● Exercise requirements:
Transcribe the listing below in full, exactly, with no images.

● Data block:

- - -

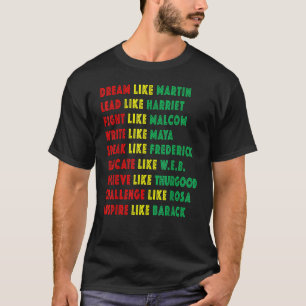Black History Month Shirt Black Pride Leaders Blac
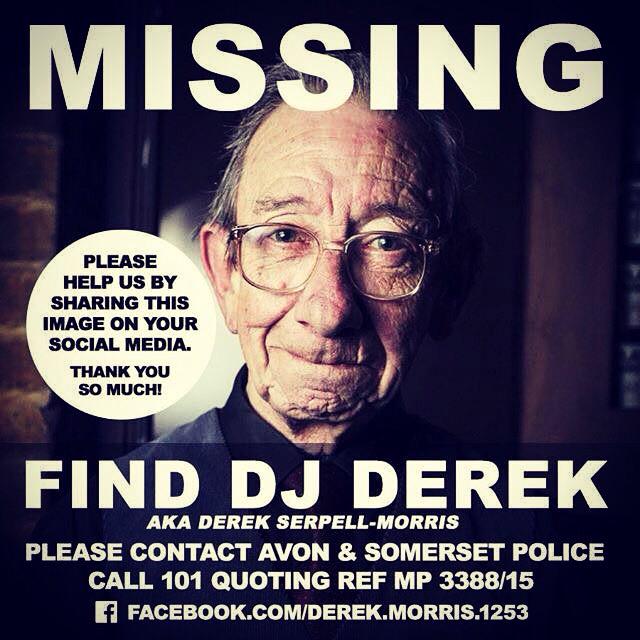 inkiegraffiti's tweet photo. Please share and help find Derek... #djderek #bristol http://t.co/LfZ5NcmW6k
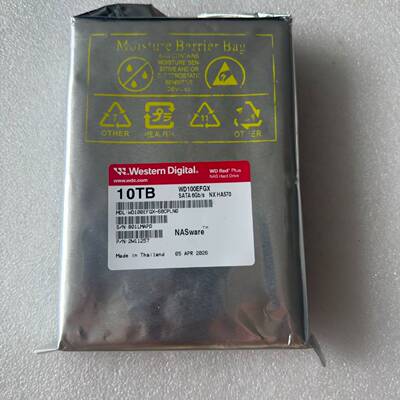 全新未拆封！在保西数10TB红盘Plus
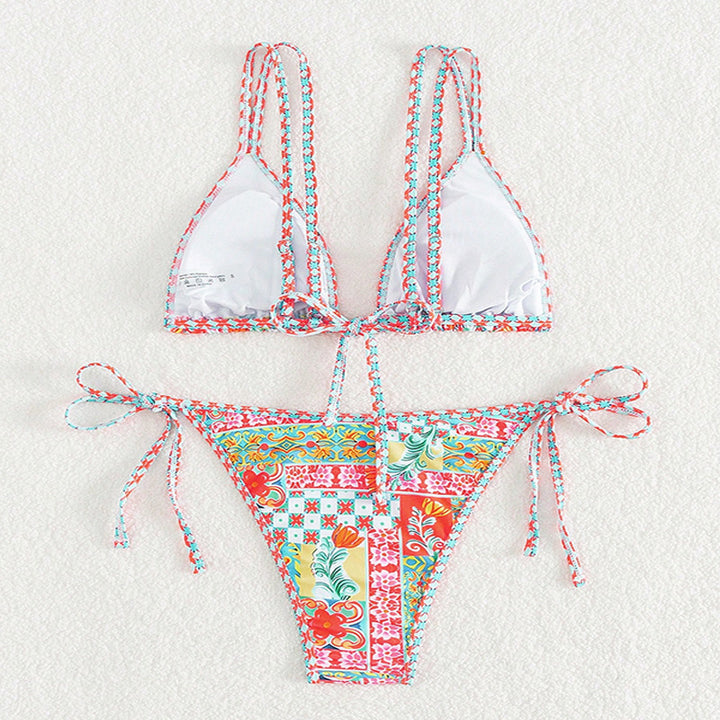 Damen Triangel-Bikini mit multifunktionalem Regulierungsdesign Drune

- - -

● Written answer:
Black History Month Shirt Black Pride Leaders Blac
 inkiegraffiti's tweet photo. Please share and help find Derek... #djderek #bristol http://t.co/LfZ5NcmW6k
 全新未拆封！在保西数10TB红盘Plus
 Damen Triangel-Bikini mit multifunktionalem Regulierungsdesign Drune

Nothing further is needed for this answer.